University Challenge is not sexist and is dominated by men because they simply like quizzes more, Jeremy Paxman has suggested.
Paxman, the host of the BBC Two quiz, said the fact that more men that women took part in the show "must be a question of taste".
Saying students themselves choose team members to represent their university, he added: " I suspect that — like football or darts — more males than females care about quizzing."
Paxman has previously raised the gender imbalance on the show himself, wondering on air during the 2015 semi-final: "Why on earth are there no women left in this stage of the competition?”
This series of the quiz show saw an all male final, with just one in five female contestants through whole 2017 competition.
Writing in the Financial Times, Paxman said: "As for the testicle issue, since we know that intelligence is not determined by gender, it must be a question of taste.
"The teams are not chosen by the college or university authorities but by the students themselves.
"The students are encouraged to enter teams which broadly reflect their institution.
"A growing number of applicants “prefer not to be gendered”.
The host also tackled the question of whether the show is dumbing down to suit modern viewers.

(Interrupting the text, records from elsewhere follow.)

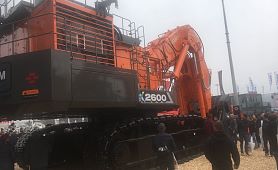 BAUMA 11.04.2019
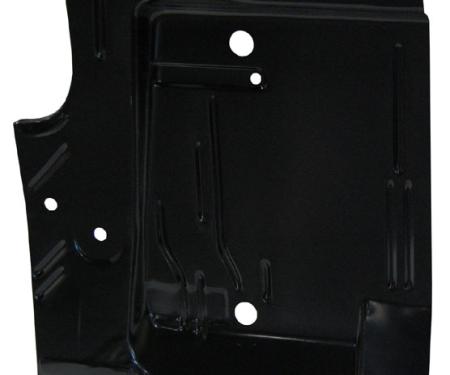 AMD Trunk Floor Half, LH, 70 Challenger 805-2570-L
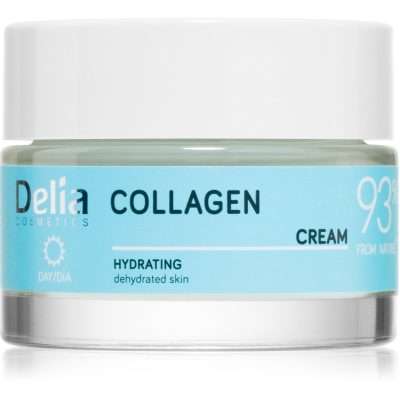 Delia Cosmetics Collagen hydratační denní krém na obličej 50 ml - parfo.cz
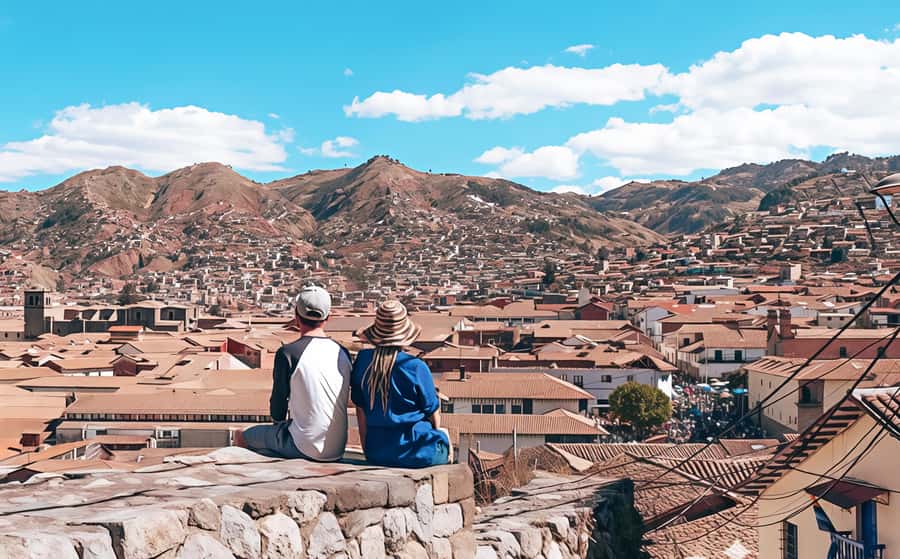 Cusco: Historic Walking Tour with Pisco Sour and Music Show - Starting at Plaza de Armas: Inca Fountain, Cathedral Views, and Jesuit Presence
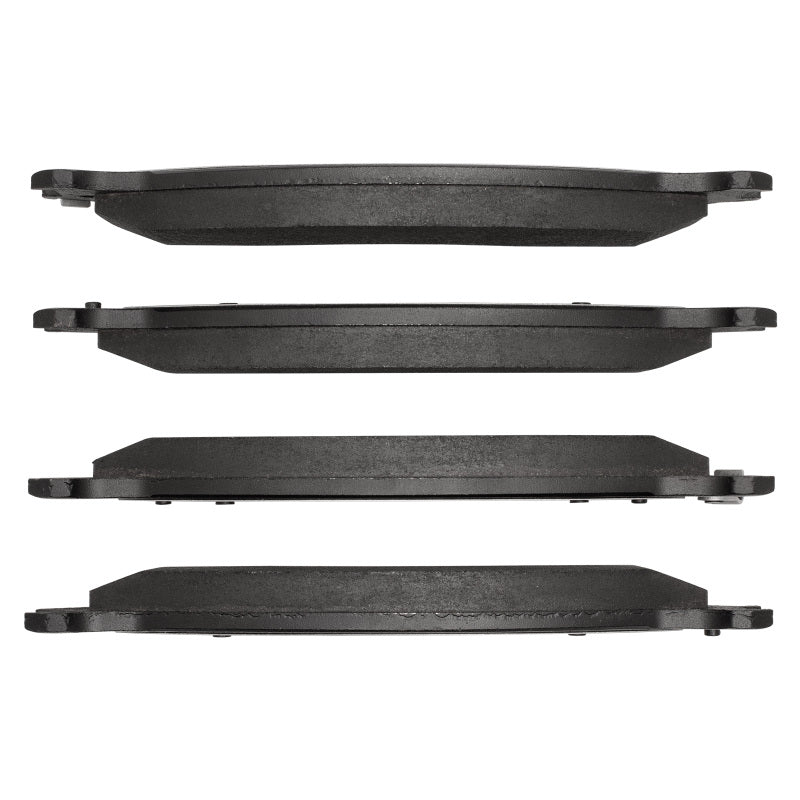 R1 Front Super Heavy Duty Brake Pads 2003-2008 Dodge Ram 1500 Pickup/Ram 3500 & More - 2214-0965-00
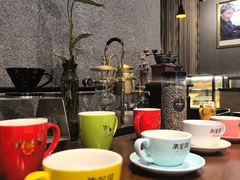 -百年朱苦拉咖啡(博物馆店)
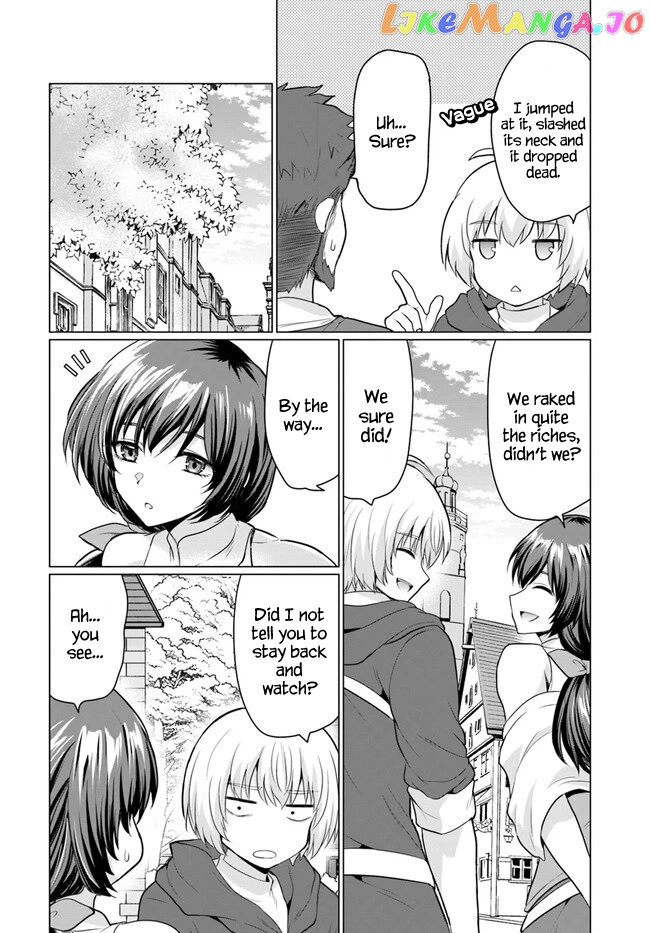 The Hero Took Everything from Me, So I Partied with the Hero’s Mother! chapter 2 - page 35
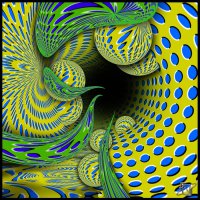 15 оптических иллюзий, сбивающих с толку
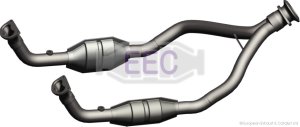 Catalyseur EEC LD6005T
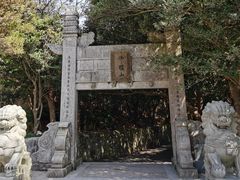 -普陀山风景区-佛顶山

The allegation, he said, is "rubbish".
"Television producers are forever dreaming up new formats, often with cash prizes attached, to prove you don’t need to be clever to be a winner.
"Their quizzes are almost always gimmicky, vulgar or stupid.
"The questions on University Challenge, by contrast, have deliberately been made more difficult.
"And the audience has risen. No one can prove cause and effect.
"But it does demonstrate that television is not forced to treat the audience as morons to persuade them to watch."